Geçtiğimiz hafta Merkez Bankası faizi yüzde 8,5’ten yüzde 15’e yükseltti. Alınan karar sonrası Cumhurbaşkanlığı seçimleri sonuna kadar 19 TL’de kalan dolar 26 TL’yi geçmiş durumda. TL’nin değer kaybı sürüyor.
Geçen yılın ortasında yapılan asgari ücret artışı 29’du. 4 bin 253 liralık ücret, 5 bin 500 lira olmuştu. 2022’nin haziran ayının enflasyonu ise yüzde 78’in üzerindeydi.
Çalışma ve Sosyal Güvenlik Bakanlığı, 1 Temmuz’dan itibaren geçerlik olmak suretiyle asgari ücretin 11 bin 402 TL olacağını açıkladı. Açıklanan rakam sene başında açıklanan 8 bin 506 TL’den yüzde 34 fazla.
ASGARİ ÜCRET ARTIŞI AÇLIK SINIRININ ‘BİR TIK’ ÜZERİNDE
Ancak ücret artışları işçi ve emekçilerin hayatlarını sürdürebilmeleri için yeterli değil. Enflasyon hâlâ yüzde 40 seviyesine yakın.

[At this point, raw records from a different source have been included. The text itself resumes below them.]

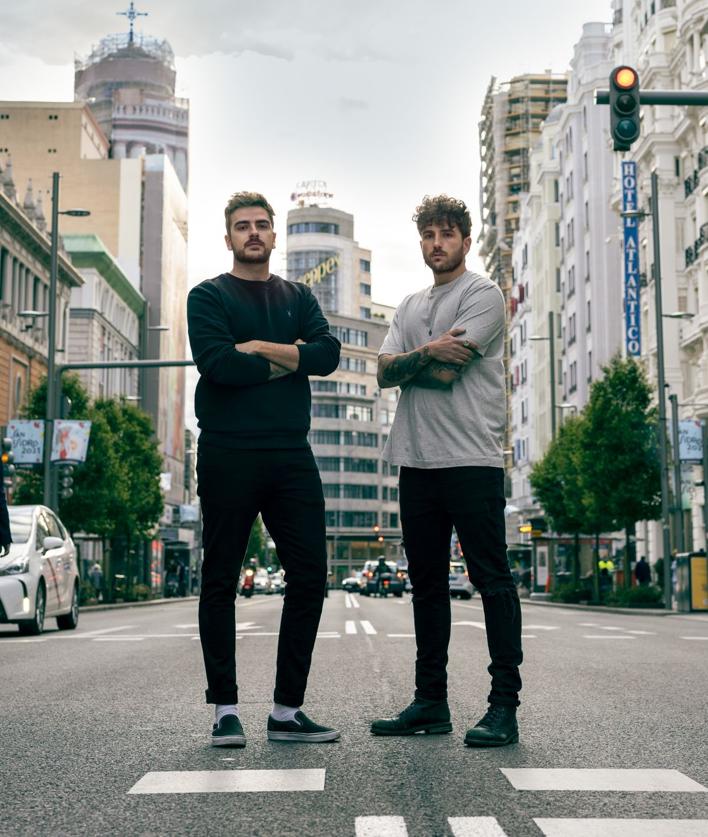Imagen secundaria 2 - Arriba, los socios de Hundred, Álex González y Ezequiel Maldjian. A la izquierda, los socios de Pizza Combat, una de las últimas iniciativas gastronómicas que siguen la estela de The Champions Burguer. Abajo, los hermanos Carlos y Mario Gelabert, de The Fitzgerald Burger.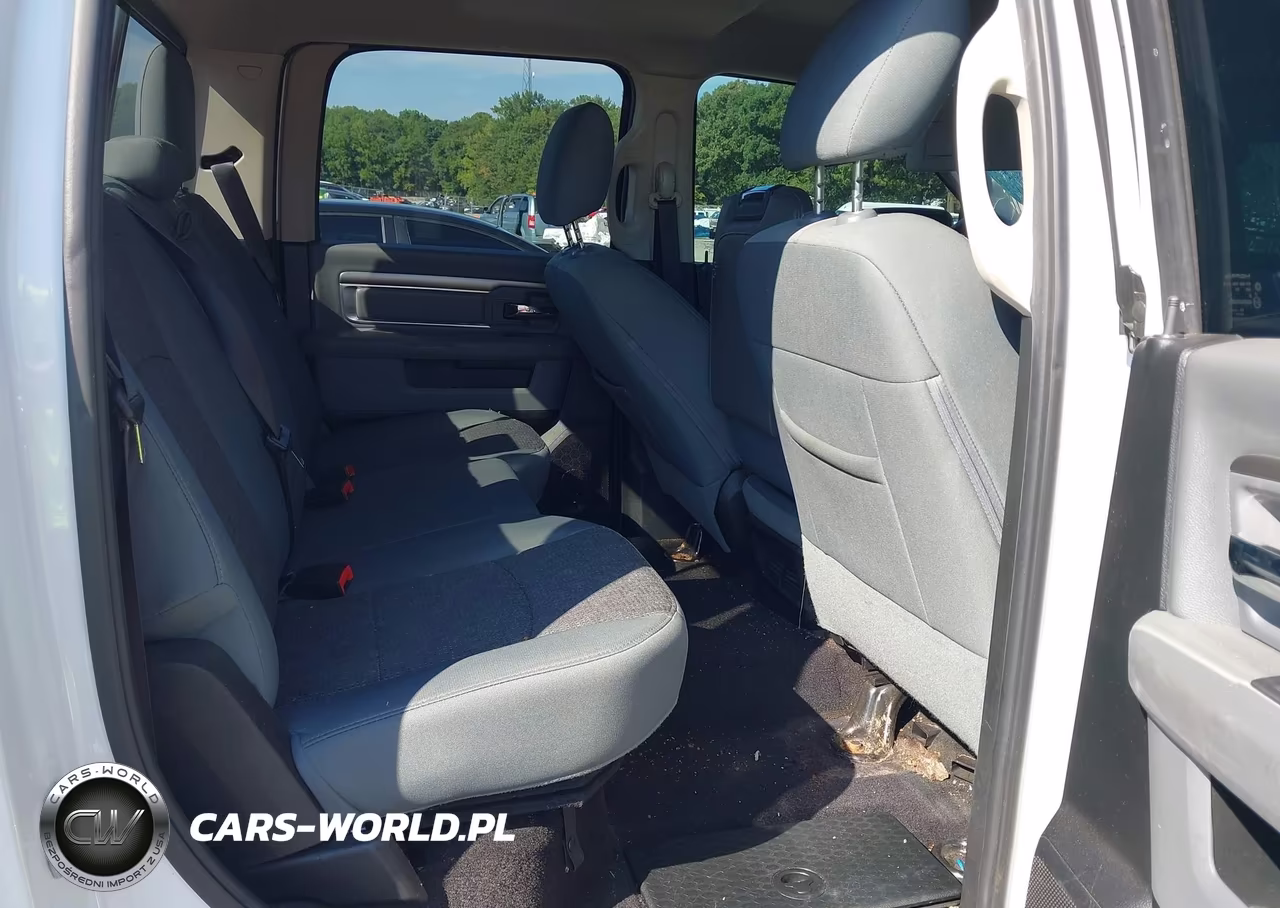 2018 Ram 1500 Big Horn 4X2 6'4 Box VIN:1C6RR6TT2JS119039 - 8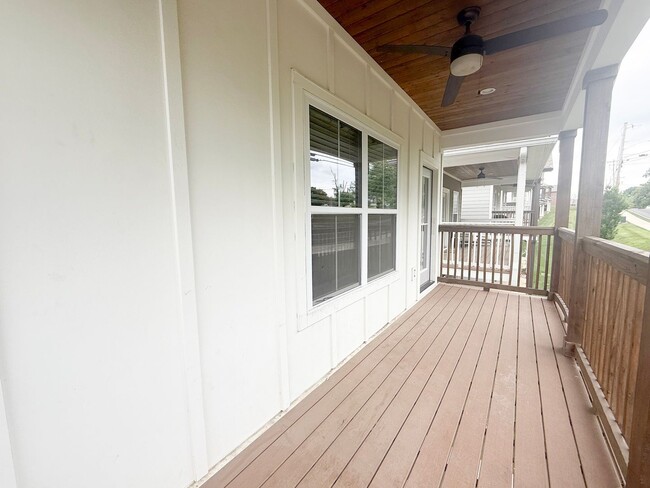 Building Photo - Spacious 4-Bedroom Townhome on Allison Way with Pool Access Near TTU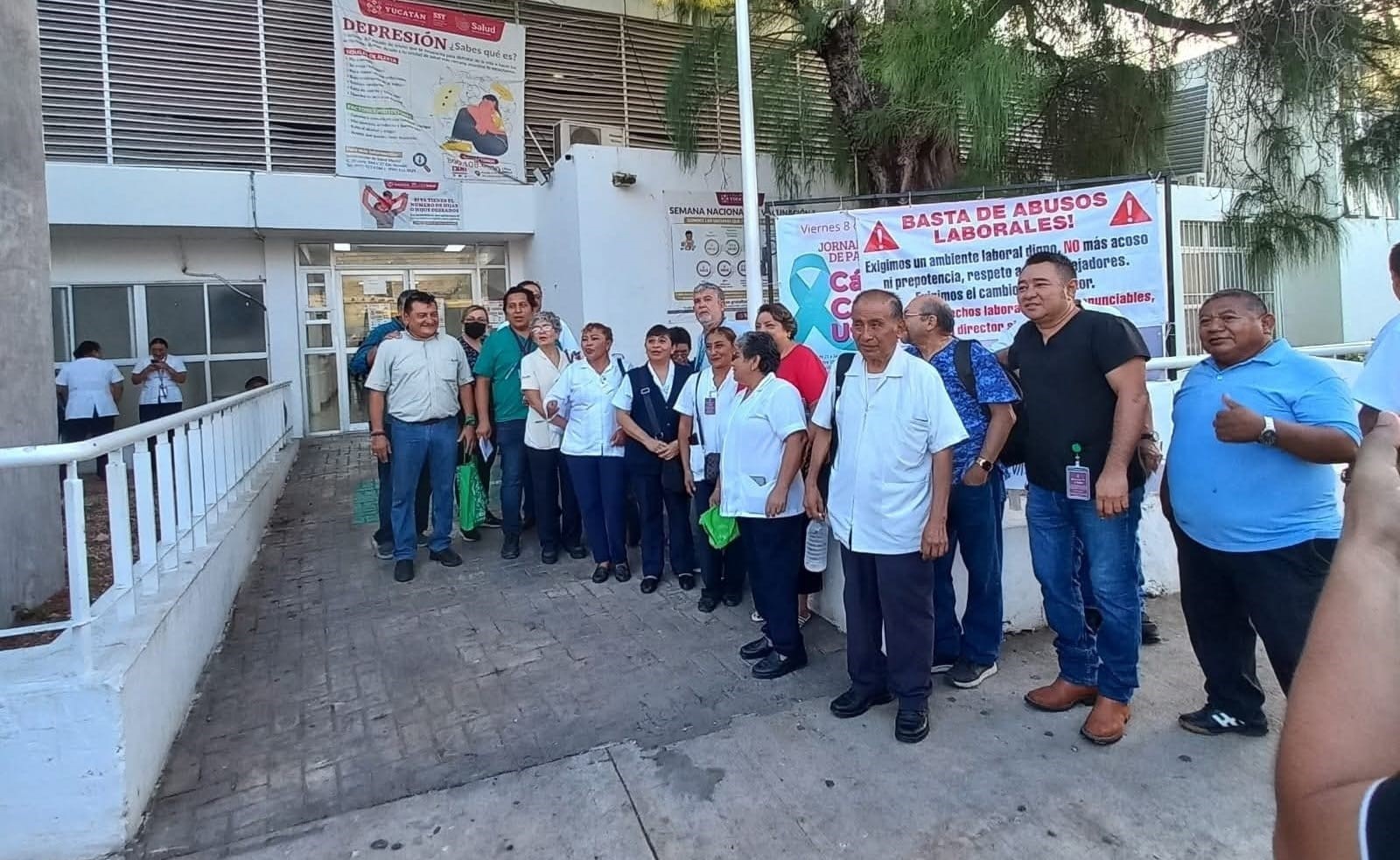 ¡Basta de Abusos! Personal del Centro de Salud de Mérida exige destitución de su director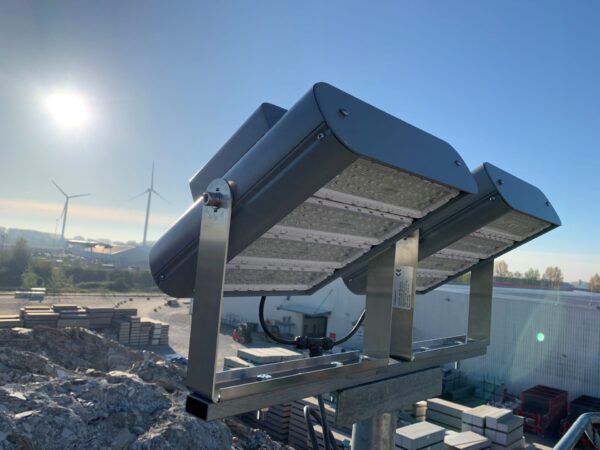 TETRA-XS LED schijnwerper gemonteerd op lichtmast in havengebied – IP67 industriële verlichting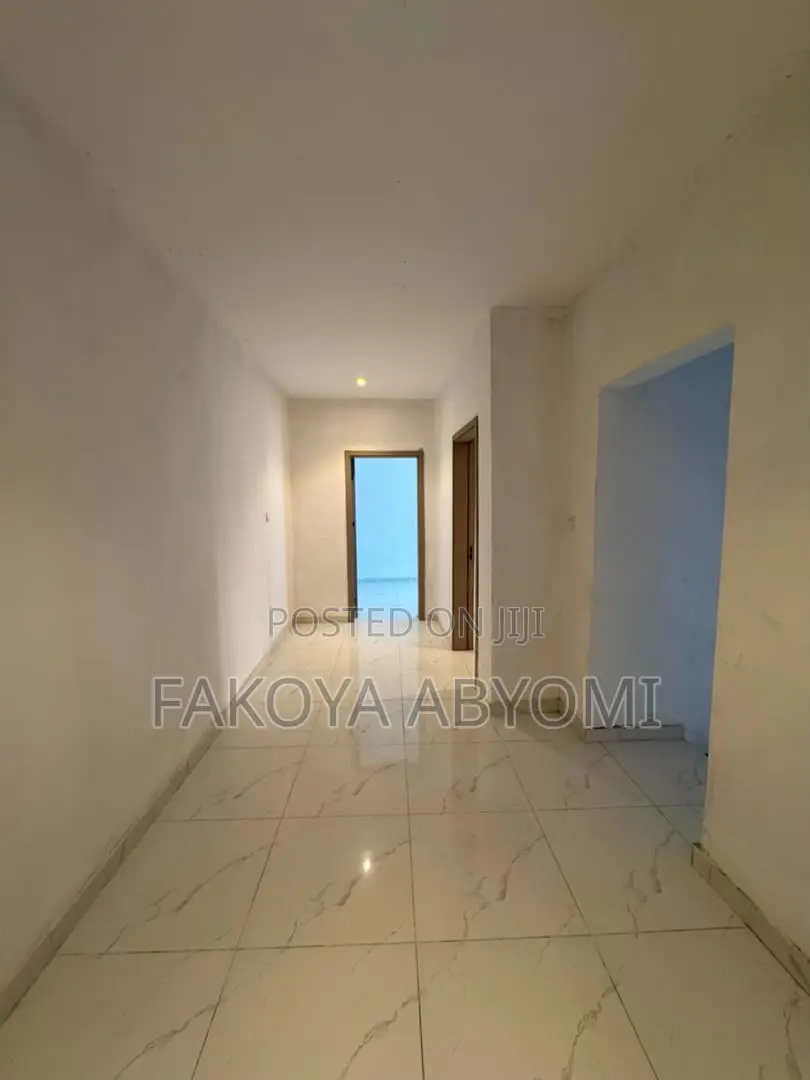 2bdrm Apartment in Lekki Phase 1 for sale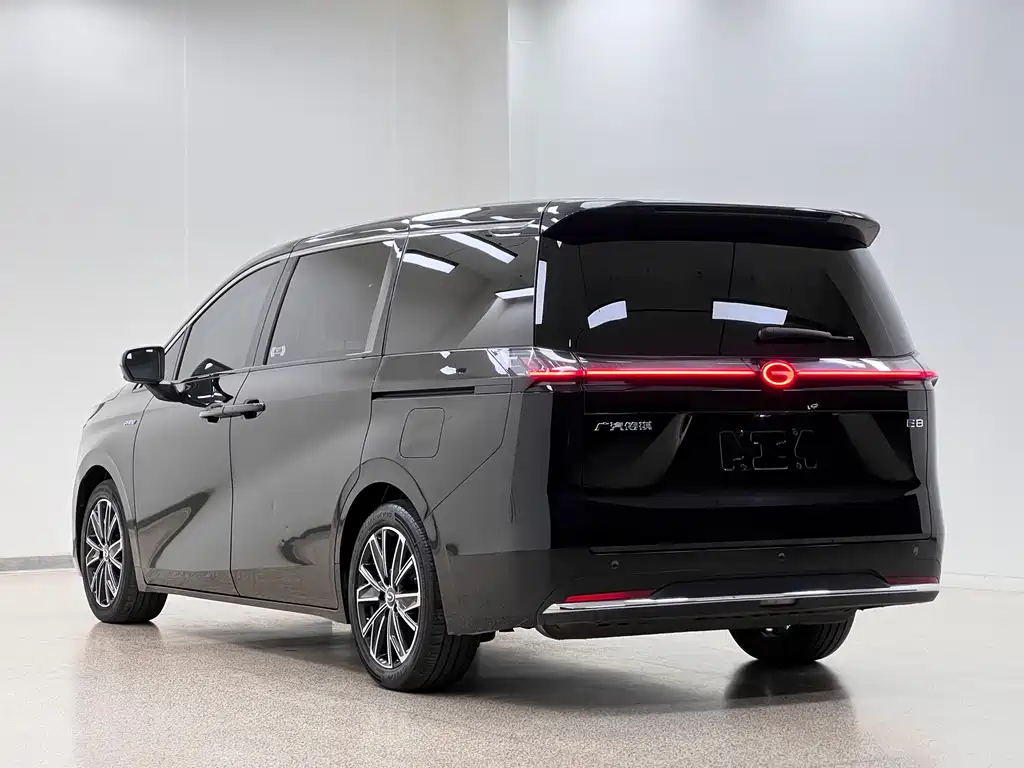 GAC Motor Trumpchi E8 PHEV — миниатюра 4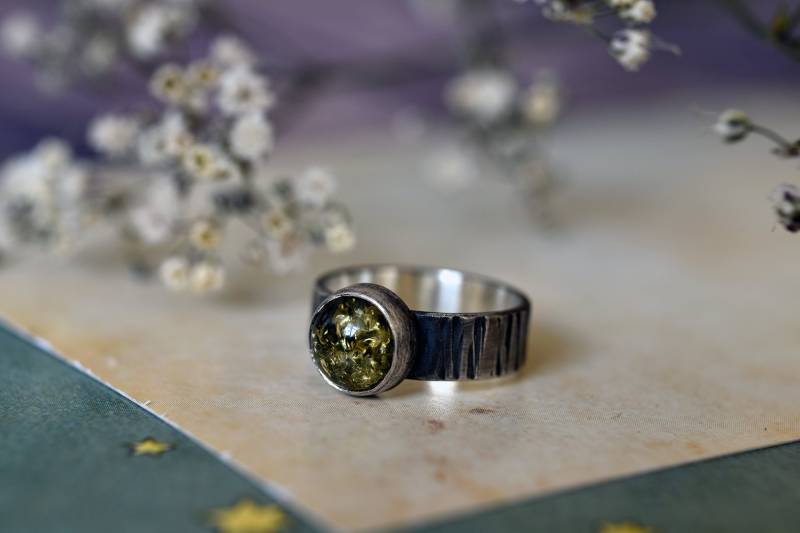 Silber-statement Bernsteinring Mit Oxidiertem Baumrinden-Effektband Silber-statement Bernsteinring Mit Oxidiertem Baumrinden-Effektband von MyliuDesign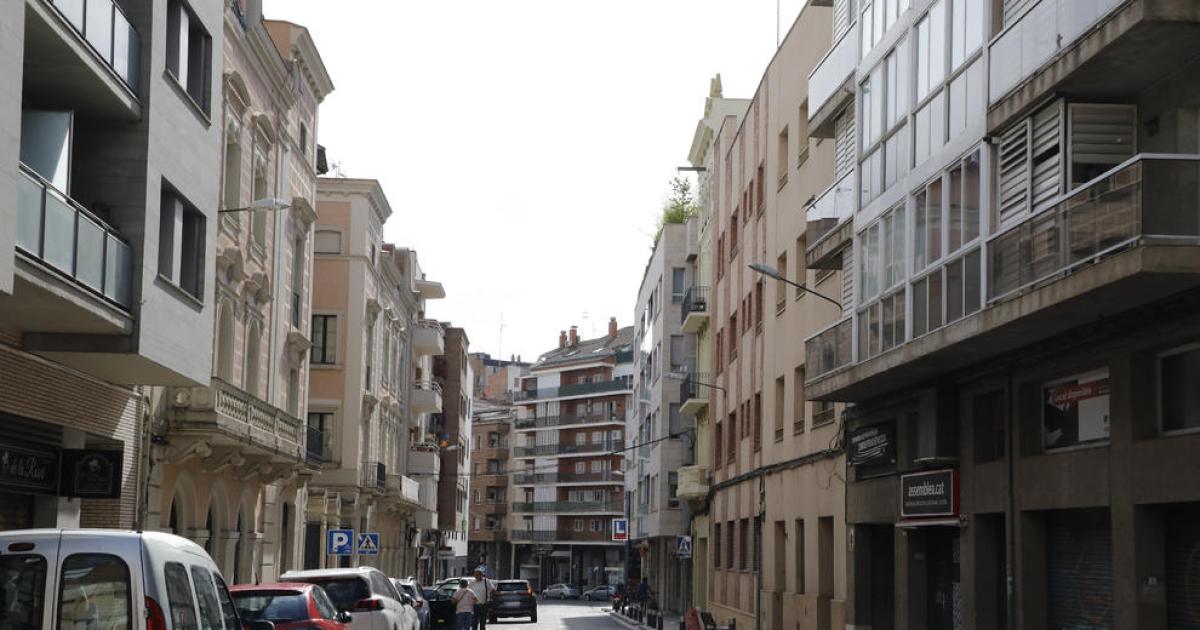 Ataca con un cuchillo a agentes de la Guardia Urbana en la calle Acadèmia de Lleida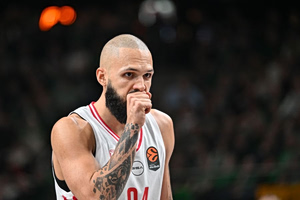 Ρεκόρ καριέρας για τον Εβάν Φουρνιέ στην ήττα του Ολυμπιακού στο Κάουνας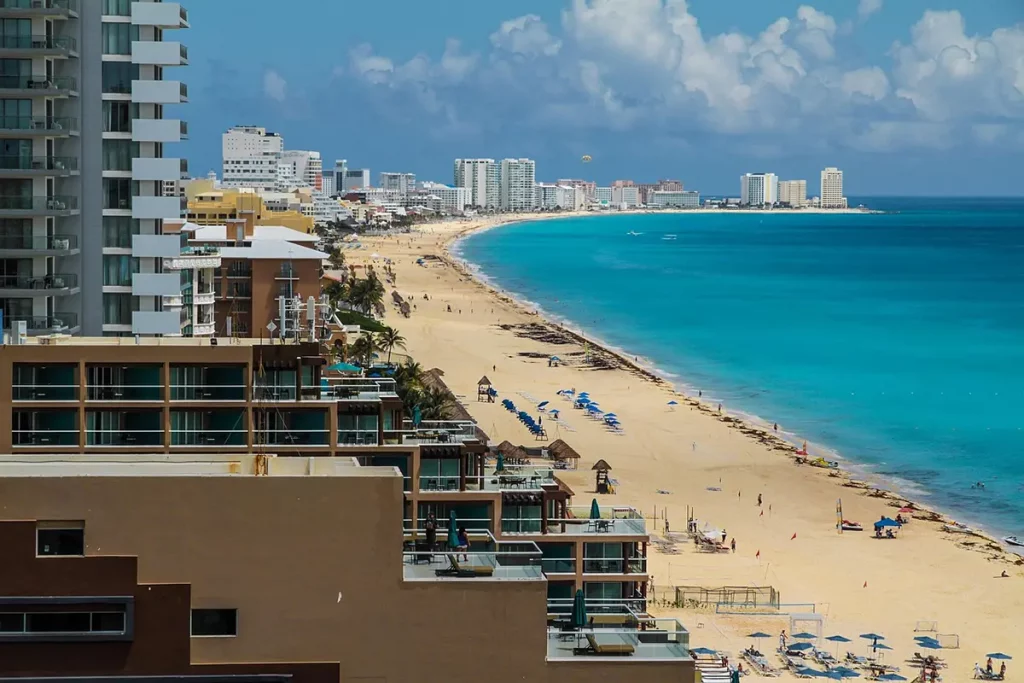 Vue panoramique de la plage Playa Chac Mool, sable blanc et hôtels en bord de mer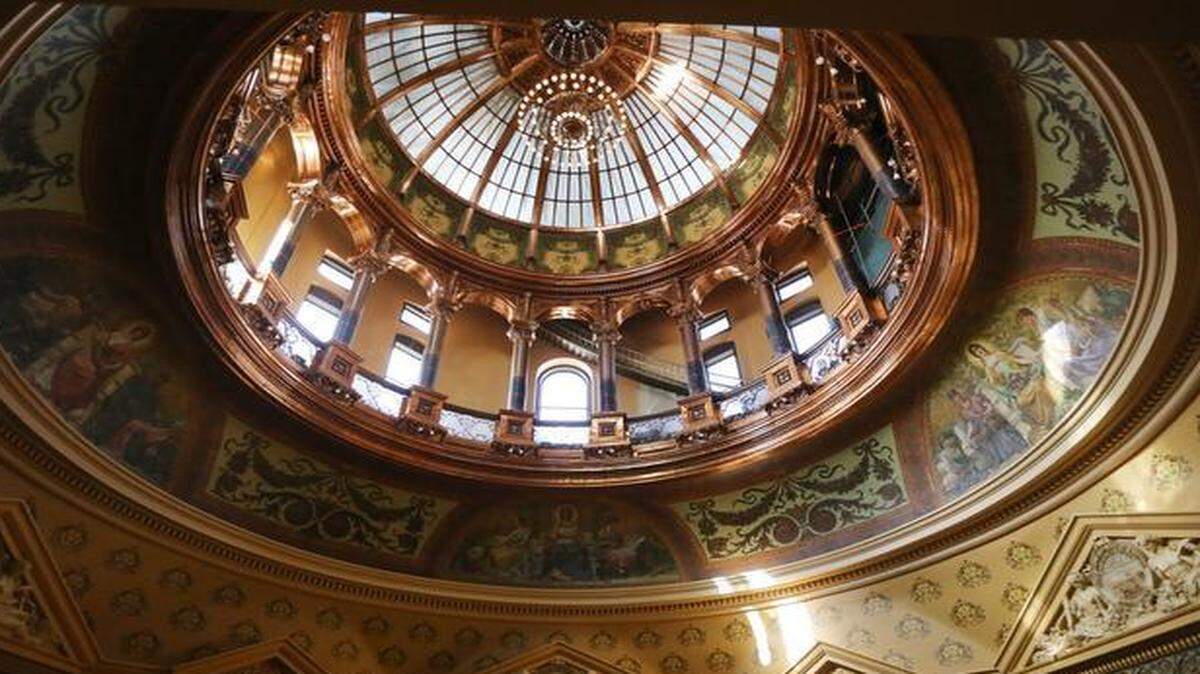
Bring additional sunshine into Kansas government.
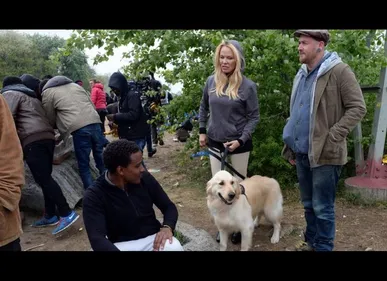 Migrants de Calais : nouvelle visite de soutien de Pamela Anderson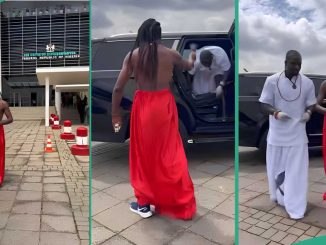 EFCC N15m Bribery: Verydarkman Storms House of Reps Barefooted, Enters With "Herbalist' in New Video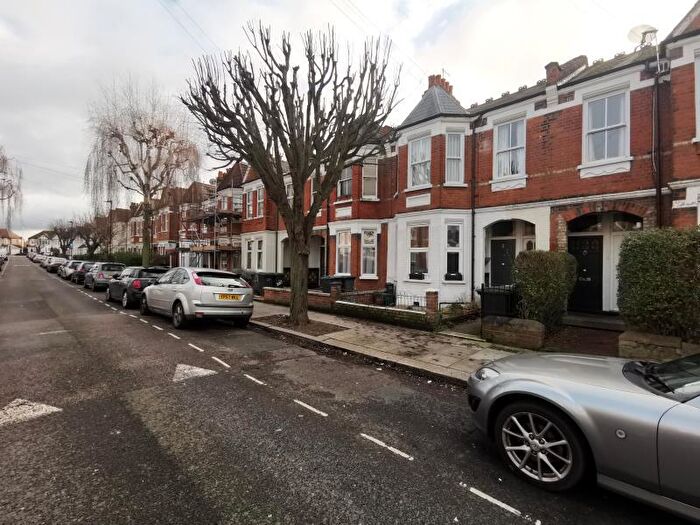 2 Bedroom Flat To Rent In Lyndhurst Road, Wood Green, N22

Açlık sınırı 10 bin 373, yoksulluk sınırı ise 33 bin 788 lira seviyesinde. Yani eskiden otomobil aldığınız para, bugün gıda, ulaşım, eğitim, sağlık gibi zaruri ihtiyaçları insani şekilde karşılamamız için gereken miktar. Gıda enflasyonunda Avrupa birincisi olan Türkiye, dünyada ise ilk 10’da.
Asgari ücretteki artışın ardından işsizlik maaşından kıdem tazminatına, askerlik ve doğum borçlanmasından staj ücretlerine kadar pek çok kalemde de değişiklik olacak. Bu nedenle her zam döneminde “asgari ücret artarsa enflasyon artacak” tartışmalarına neden oluyor.
IMF: ENFLASYON HEDEFİNİN TUTTURULMASI İÇİN ŞİRKETLER DAHA DÜŞÜK KÂR ORANLARINI KABUL ETMELİ
Independent Türkçe’den Gökçen Tuncer’in derlediği detaylı habere göre, patronların ve liberal yazarların sürekli alevlendirdiği asgari ücret-enflasyon tartışmalarına son noktayı Uluslararası Para Fonu (IMF) koydu.
IMF’nin son raporuna göre Avrupa’daki enflasyonu en çok artıran kalemlerin başında son iki yıldır şirket kârları geliyor. Bunun ana nedeni ise şirketlerin fiyatları, roket hızında yükselen enerji ithalatı maliyetlerinden daha fazla artırması.
IMF yetkilileri, Avrupa Merkez Bankası’nın 2025 için koyduğu yüzde 2 enflasyon hedefinin tutturulması için çalışanların ücretlerinden feragat etmesinin değil şirketlerin daha düşük kâr oranlarını kabul etmelerinin gerektiğini söylüyor.
“FİYATLARDAKİ ARTIŞIN YÜZDE 45’İ ŞİRKETLERİN KÂR ARTIŞINDAN KAYNAKLI”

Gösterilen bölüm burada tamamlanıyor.